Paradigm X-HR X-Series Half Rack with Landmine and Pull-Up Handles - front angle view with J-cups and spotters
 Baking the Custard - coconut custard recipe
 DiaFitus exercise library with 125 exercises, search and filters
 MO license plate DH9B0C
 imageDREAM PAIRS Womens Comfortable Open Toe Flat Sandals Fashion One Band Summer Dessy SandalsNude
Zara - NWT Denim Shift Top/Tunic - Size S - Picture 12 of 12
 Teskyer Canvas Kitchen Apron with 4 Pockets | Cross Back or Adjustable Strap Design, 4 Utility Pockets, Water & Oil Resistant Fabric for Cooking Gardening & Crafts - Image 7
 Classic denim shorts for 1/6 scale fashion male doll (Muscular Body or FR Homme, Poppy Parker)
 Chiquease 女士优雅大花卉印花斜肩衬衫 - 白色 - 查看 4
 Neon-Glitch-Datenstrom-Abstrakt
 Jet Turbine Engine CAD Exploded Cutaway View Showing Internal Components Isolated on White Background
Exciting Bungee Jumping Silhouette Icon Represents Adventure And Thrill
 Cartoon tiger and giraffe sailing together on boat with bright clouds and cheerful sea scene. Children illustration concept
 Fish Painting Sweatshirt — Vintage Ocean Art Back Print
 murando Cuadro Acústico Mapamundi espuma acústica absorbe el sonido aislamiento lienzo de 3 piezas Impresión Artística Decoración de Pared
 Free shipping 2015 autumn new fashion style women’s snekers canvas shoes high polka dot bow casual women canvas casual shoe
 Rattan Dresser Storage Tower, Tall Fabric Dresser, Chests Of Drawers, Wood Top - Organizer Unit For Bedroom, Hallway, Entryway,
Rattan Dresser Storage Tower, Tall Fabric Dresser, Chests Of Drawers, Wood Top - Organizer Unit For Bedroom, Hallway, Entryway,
----
ACTIVITY: Once you have read the data above, print all of it again exactly.

ANSWER TO THE PROBLEM:
Paradigm X-HR X-Series Half Rack with Landmine and Pull-Up Handles - front angle view with J-cups and spotters
 Baking the Custard - coconut custard recipe
 DiaFitus exercise library with 125 exercises, search and filters
 MO license plate DH9B0C
 imageDREAM PAIRS Womens Comfortable Open Toe Flat Sandals Fashion One Band Summer Dessy SandalsNude
Zara - NWT Denim Shift Top/Tunic - Size S - Picture 12 of 12
 Teskyer Canvas Kitchen Apron with 4 Pockets | Cross Back or Adjustable Strap Design, 4 Utility Pockets, Water & Oil Resistant Fabric for Cooking Gardening & Crafts - Image 7
 Classic denim shorts for 1/6 scale fashion male doll (Muscular Body or FR Homme, Poppy Parker)
 Chiquease 女士优雅大花卉印花斜肩衬衫 - 白色 - 查看 4
 Neon-Glitch-Datenstrom-Abstrakt
 Jet Turbine Engine CAD Exploded Cutaway View Showing Internal Components Isolated on White Background
Exciting Bungee Jumping Silhouette Icon Represents Adventure And Thrill
 Cartoon tiger and giraffe sailing together on boat with bright clouds and cheerful sea scene. Children illustration concept
 Fish Painting Sweatshirt — Vintage Ocean Art Back Print
 murando Cuadro Acústico Mapamundi espuma acústica absorbe el sonido aislamiento lienzo de 3 piezas Impresión Artística Decoración de Pared
 Free shipping 2015 autumn new fashion style women’s snekers canvas shoes high polka dot bow casual women canvas casual shoe
 Rattan Dresser Storage Tower, Tall Fabric Dresser, Chests Of Drawers, Wood Top - Organizer Unit For Bedroom, Hallway, Entryway,
Rattan Dresser Storage Tower, Tall Fabric Dresser, Chests Of Drawers, Wood Top - Organizer Unit For Bedroom, Hallway, Entryway,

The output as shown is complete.